Plusvalenze immobiliari, la Cassazione conferma l’efficacia retroattiva del D.Lgs. 147/2015
Ai sensi dell’art. 5, comma 3, del D.Lgs. 14 settembre 2015, n. 147, l’Amministrazione finanziaria non può più procedere ad accertare in via induttiva la plusvalenza patrimoniale realizzata a seguito di una cessione di immobile o di azienda solo sulla base del valore dichiarato, accertato o definito ai fini dell’imposta di registro.
Per la giurisprudenza di legittimità, questo principio ha efficacia retroattiva (trattandosi di una norma di interpretazione autentica): in tal senso si segnalano le pronunce della Corte di Cassazione 11 maggio 2018, n. 11503, 2 agosto 2017, n. 19227, 17 maggio 2017, n. 12265 e 6 giugno 2016, n. 11543.

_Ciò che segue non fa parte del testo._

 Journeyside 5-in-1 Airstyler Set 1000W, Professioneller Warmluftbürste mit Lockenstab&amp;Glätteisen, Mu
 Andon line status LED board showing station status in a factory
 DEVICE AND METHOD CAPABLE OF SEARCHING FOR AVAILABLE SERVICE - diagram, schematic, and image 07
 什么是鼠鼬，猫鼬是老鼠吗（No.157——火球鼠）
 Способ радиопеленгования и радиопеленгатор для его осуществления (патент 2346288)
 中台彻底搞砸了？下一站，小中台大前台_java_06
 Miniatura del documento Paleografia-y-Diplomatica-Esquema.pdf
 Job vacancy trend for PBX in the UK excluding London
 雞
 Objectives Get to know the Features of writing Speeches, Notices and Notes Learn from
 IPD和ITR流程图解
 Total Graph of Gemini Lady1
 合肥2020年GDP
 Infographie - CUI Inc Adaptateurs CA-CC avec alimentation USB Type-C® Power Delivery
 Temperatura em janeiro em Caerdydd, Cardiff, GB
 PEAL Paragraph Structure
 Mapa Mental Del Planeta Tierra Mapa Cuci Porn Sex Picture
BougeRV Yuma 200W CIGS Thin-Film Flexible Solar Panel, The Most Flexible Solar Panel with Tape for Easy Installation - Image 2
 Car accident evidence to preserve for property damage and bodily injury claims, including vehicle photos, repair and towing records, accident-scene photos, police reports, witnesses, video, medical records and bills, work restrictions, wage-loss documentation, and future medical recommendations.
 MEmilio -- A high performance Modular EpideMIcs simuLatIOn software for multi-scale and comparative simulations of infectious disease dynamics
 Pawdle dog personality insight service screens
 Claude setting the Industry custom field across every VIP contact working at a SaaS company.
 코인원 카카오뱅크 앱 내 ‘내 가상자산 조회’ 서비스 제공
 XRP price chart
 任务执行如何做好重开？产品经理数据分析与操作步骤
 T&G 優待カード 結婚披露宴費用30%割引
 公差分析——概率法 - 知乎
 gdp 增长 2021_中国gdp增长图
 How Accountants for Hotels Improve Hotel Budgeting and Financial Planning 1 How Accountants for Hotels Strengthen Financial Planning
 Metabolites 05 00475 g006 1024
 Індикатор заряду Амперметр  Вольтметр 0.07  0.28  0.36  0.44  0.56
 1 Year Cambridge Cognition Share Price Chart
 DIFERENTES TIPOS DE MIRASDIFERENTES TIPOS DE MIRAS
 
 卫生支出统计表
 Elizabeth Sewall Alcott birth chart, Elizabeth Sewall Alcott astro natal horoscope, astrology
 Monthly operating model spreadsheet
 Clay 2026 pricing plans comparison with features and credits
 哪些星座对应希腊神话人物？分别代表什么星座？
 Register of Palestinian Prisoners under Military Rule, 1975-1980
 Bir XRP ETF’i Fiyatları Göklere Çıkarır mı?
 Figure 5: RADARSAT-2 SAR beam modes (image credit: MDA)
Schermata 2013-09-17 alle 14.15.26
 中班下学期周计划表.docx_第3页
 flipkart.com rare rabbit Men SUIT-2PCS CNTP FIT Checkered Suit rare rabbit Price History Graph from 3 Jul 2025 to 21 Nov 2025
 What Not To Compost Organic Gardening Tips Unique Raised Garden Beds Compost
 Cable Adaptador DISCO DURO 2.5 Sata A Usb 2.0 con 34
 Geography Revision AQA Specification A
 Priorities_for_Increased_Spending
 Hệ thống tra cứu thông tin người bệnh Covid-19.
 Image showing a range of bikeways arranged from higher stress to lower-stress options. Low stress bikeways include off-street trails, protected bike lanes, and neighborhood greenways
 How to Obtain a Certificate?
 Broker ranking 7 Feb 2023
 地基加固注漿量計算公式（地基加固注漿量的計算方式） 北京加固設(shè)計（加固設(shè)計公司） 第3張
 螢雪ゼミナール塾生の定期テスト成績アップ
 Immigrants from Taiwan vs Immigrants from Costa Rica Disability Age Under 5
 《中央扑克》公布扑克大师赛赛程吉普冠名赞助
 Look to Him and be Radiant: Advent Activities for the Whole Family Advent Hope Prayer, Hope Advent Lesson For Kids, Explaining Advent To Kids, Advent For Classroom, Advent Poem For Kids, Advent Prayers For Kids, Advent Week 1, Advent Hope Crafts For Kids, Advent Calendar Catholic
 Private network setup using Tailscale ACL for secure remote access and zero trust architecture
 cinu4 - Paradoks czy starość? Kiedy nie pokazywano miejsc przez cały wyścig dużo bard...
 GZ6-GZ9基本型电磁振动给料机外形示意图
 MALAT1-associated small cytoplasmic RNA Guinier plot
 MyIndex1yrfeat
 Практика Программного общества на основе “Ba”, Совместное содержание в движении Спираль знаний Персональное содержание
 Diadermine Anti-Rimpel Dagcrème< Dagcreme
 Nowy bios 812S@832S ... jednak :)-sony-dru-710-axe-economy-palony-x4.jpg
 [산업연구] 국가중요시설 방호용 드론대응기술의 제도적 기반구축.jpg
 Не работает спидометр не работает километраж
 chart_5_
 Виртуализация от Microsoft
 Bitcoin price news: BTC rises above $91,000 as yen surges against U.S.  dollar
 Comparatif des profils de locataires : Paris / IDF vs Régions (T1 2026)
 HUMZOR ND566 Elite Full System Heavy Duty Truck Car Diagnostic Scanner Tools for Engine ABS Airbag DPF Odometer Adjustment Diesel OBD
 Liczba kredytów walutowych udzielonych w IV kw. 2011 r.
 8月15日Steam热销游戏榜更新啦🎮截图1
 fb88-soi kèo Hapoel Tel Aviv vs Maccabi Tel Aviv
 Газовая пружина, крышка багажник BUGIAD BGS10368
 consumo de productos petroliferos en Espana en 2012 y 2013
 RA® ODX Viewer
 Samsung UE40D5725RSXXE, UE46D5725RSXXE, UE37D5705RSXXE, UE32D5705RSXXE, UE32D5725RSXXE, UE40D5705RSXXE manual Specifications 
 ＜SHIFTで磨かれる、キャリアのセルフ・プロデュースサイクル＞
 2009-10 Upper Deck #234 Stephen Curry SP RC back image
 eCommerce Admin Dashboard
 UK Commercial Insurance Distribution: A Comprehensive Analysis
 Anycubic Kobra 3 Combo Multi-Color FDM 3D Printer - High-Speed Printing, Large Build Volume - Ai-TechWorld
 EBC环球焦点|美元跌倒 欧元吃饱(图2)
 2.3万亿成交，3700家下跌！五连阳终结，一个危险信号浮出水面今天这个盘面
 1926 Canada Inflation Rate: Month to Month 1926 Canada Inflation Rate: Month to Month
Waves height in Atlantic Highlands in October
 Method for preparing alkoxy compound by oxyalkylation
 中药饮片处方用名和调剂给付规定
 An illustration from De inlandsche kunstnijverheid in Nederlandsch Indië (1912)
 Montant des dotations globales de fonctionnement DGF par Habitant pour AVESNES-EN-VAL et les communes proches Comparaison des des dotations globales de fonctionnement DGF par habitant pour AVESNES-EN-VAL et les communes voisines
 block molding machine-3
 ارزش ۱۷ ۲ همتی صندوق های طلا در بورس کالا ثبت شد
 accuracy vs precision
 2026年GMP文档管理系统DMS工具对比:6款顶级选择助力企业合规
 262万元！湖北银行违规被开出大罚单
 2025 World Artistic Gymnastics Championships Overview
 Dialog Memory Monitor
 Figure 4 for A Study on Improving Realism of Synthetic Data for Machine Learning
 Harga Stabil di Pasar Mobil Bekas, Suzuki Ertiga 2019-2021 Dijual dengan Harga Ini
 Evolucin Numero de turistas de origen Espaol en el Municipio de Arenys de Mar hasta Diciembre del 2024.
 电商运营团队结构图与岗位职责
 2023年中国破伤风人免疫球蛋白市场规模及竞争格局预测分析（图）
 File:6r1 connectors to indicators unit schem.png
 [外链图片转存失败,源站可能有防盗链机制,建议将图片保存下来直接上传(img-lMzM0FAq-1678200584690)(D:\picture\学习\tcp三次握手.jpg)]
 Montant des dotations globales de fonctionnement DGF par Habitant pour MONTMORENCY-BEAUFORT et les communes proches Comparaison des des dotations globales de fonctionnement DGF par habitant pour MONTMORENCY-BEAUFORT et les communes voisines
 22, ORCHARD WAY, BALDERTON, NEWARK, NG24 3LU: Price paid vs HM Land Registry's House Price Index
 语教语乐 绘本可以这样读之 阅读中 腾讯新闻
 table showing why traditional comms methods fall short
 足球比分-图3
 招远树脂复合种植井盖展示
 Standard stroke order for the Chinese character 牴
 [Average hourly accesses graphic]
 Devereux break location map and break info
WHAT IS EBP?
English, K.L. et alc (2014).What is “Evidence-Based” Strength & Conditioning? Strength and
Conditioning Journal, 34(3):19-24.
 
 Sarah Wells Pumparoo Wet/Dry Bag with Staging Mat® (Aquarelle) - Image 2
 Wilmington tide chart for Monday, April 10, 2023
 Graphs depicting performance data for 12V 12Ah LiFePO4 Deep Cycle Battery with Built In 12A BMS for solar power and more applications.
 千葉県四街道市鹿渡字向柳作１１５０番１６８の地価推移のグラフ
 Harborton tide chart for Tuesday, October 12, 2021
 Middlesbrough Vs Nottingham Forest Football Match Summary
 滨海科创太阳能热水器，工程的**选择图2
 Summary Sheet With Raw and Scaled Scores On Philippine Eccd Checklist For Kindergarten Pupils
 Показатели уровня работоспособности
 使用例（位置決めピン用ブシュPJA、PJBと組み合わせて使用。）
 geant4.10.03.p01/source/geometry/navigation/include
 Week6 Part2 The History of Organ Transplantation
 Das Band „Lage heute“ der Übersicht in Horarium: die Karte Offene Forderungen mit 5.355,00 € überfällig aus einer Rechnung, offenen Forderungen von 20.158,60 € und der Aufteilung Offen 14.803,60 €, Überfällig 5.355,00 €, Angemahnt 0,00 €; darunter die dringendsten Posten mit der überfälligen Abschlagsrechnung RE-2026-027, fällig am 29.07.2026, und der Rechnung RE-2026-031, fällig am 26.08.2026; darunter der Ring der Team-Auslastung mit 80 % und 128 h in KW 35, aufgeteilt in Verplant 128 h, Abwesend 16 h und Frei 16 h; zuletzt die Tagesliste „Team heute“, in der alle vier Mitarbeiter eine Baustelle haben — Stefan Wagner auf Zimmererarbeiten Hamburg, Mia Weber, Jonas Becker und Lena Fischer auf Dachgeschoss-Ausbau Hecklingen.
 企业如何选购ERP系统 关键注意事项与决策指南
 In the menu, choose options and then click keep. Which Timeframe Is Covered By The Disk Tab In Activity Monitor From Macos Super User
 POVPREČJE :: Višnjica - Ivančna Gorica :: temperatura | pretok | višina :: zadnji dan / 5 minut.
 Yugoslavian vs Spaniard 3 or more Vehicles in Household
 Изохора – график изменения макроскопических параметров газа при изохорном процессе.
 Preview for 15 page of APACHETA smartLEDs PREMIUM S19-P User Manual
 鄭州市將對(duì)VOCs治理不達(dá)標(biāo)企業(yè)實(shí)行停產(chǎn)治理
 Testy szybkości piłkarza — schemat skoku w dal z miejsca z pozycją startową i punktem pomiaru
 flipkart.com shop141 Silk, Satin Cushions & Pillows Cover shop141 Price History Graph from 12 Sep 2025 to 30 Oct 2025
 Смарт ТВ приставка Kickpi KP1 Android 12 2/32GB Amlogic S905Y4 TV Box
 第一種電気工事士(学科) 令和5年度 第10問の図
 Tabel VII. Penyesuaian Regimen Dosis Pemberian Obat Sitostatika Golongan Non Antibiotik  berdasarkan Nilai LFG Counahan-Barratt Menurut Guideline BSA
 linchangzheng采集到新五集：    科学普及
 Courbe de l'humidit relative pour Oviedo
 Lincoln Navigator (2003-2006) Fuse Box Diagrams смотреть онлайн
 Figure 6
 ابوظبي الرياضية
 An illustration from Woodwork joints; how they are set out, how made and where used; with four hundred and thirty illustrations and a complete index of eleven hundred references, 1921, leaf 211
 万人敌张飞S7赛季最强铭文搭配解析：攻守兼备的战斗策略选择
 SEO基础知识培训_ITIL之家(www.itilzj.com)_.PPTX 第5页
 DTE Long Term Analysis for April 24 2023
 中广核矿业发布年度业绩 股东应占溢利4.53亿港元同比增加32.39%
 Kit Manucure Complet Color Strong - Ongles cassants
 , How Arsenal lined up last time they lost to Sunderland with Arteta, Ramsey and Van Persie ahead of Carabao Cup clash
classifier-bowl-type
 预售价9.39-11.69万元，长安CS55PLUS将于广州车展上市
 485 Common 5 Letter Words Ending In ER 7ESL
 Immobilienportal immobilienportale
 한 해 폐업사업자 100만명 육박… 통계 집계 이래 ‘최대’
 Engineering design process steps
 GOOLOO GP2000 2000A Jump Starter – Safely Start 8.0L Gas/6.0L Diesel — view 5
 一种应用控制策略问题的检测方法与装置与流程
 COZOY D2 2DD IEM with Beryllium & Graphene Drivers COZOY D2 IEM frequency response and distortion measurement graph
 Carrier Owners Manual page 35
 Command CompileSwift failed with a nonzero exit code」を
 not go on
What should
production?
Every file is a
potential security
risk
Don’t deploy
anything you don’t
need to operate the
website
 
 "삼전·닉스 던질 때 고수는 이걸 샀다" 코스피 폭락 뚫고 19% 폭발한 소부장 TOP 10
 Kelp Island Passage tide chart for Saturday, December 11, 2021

La tesi è stata confermata da ultimo dalla quinta sezione tributaria della Suprema Corte con la sentenza 2 maggio 2018, n. 18389, depositata lo scorso 12 luglio.
Nell’occasione è stato inoltre ribadito il principio secondo cui in tema di accertamento delle imposte sui redditi, l’avviso di accertamento che non riporti l’aliquota applicata, ma solo l’indicazione delle aliquote minima e massima, viola il principio di precisione e chiarezza delle indicazioni che è alla base del precetto di cui all’art. 42 del D.P.R. 29 settembre 1973, n. 600, il quale richiede che sia evidenziata l’aliquota applicata su ciascun importo imponibile, al fine di porre il contribuente in grado di comprendere le modalità di applicazione dell’imposta e la ragione del suo debito, senza dover ricorrere all’ausilio di un esperto.
L’omissione di tale indicazione determina la nullità dell’atto, ai sensi del terzo comma del medesimo art. 42, “senza che sia consentita una valutazione di merito circa l’incidenza che essa abbia avuto, in concreto, sui diritti del contribuente” (per una conferma, si rinvia a Cass. 20 febbraio 2009, n. 4187, 2 luglio 2008, n. 18095 e 11 giugno 2008, n. 15381).